Born in the 17th century, Thomas Plume would go on to become a churchman following his studies at Chelmsford and then Christ Church Cambridge where he became a Bachelor of Arts and Doctor of Divinity. Although Plume was firmly committed to his career in the church, his thirst for knowledge and education was evident throughout his life.

Dr Plume lived during an exciting time - the same century in which he was born saw the discovery of gravity, bacteria and phosphorus, and the invention of the telescope, the adding machine and the steam pump.

Certainly, for those with an active, intelligent or educated mind, these world-changing discoveries and inventions meant for exciting reading at that time, even if the full weight of what had been uncovered could not possibly have been fully understood then.

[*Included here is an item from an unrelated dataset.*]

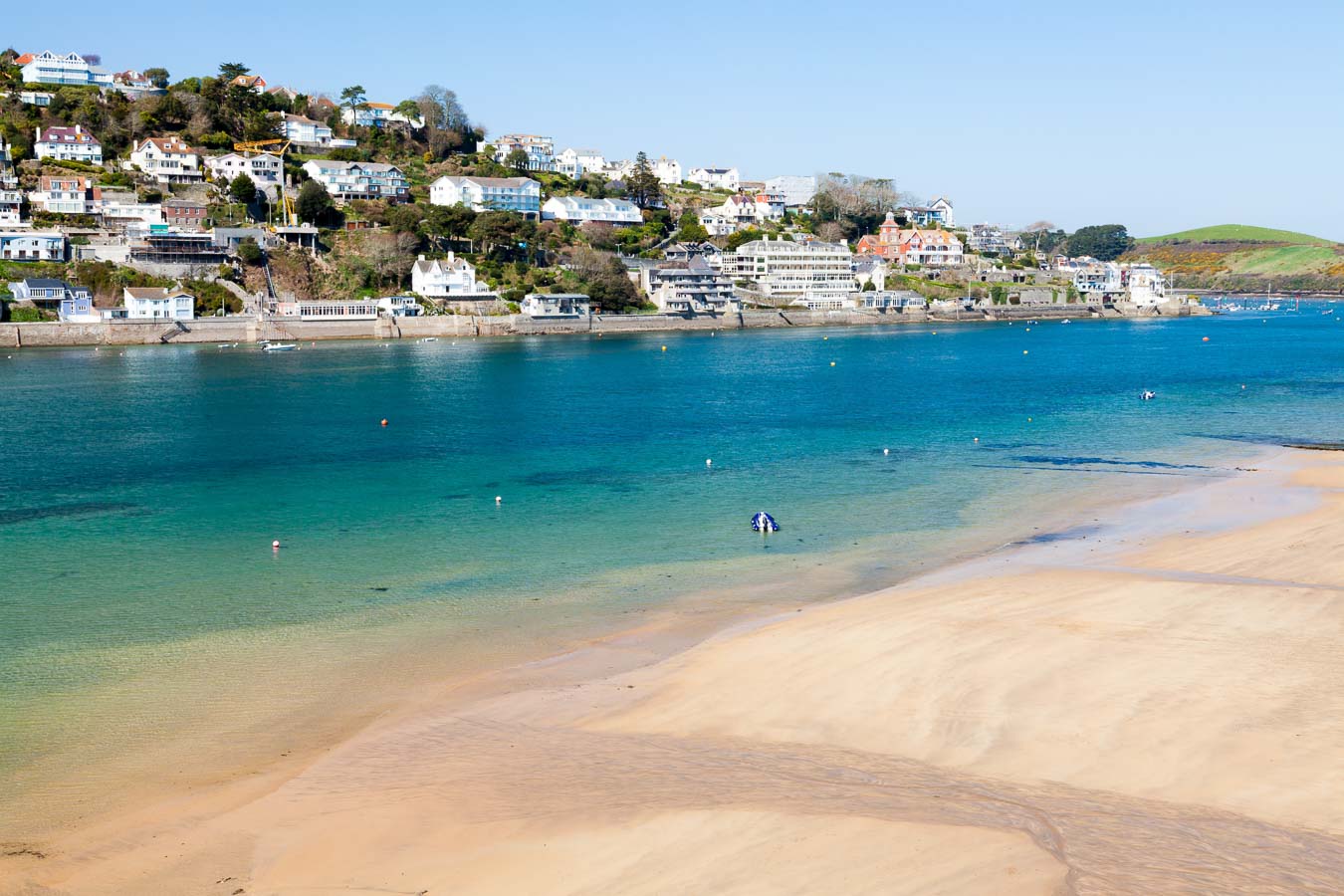 The shore line of Mill Bay looking towards Salcombe, South Devon.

That did not stop Dr Plume from making a concerted effort to continue his education on a variety of subjects and thus he embarked, perhaps unwittingly, on an amazing legacy-creation in which he began what would become a beautiful collection of books, pamphlets and other written material. Even if George Orwell had never discovered his flying machine, Dr Plume’s collection provides an enthralling insight into the mindset and excitement of the day. And he gifted it all to the people of Maldon.

Great British Life: The library was constructed from the ruins of the old St Peter’s Church The library was constructed from the ruins of the old St Peter’s Church

The Thomas Plume Library in Maldon is now recognised as one of the world’s most interesting collections of reference works spanning a range of subjects from chemistry and medicine to history and travel, and includes some real treasures including Sir Francis Drake’s ‘The World Encompassed’ and John Speed’s ‘Atlas of 1631’. The collection is impressive, not merely owing to its content, but also because of its size - more than eight thousand pieces of work complete with no fewer than 13 portraits of monarchs and divines.

Thomas Plume bequeathed to the people of Maldon his beautiful collection which remains to this day, nestled securely in the building which he had constructed from the ruins of the old St Peter’s Church in the centre of this lovely Essex town. Although the books are no longer able to be closely examined, members of the public may visit the library and soak in, not only the atmosphere of a beautiful ambiatic library but to walk through the intellectual mind of a local man who wanted to share his legacy. According to Dr Plume, the library was to be ‘for the use of the minister and clergy of the neighbouring parishes who generally make this town their place of residence and any who desires, may go into it, and make use of any book there or borrow it.’

This was not the only kind gesture that Thomas Plume extended following his death in 1704. A rather wealthy local man, Plume left what would have been eye-watering sums in bequeaths numbering into the hundreds and thousands. One such special legacy Plume established was the ‘Plumian Professor of Astronomy and Experimental Philosophy at the University of Cambridge’ - a prestigious position which still exists to this day.

Plume wrote that the purpose of this was to ‘erect an Observatory and to maintain a studious and learned Professor of Astronomy and Experimental Philosophy, and to buy him and his successors utensils and instruments like quadrants and telescopes.’ Interestingly, the first recipient of this professorship was Roger Cotes who was a pupil of Isaac Newton and who continued to work closely with him.

This wonderful collection of books, pamphlets and other written materials stands today as a beautiful insight into an era long gone, a time of education and knowledge when exciting new inventions and discoveries made for avid reading. The Thomas Plume Library also stands as a lovely reminder of the mentally adventurous spirit of the Essex people, as evidenced by this priceless gift left by a generous local gentleman to the people of Maldon and the generations to come.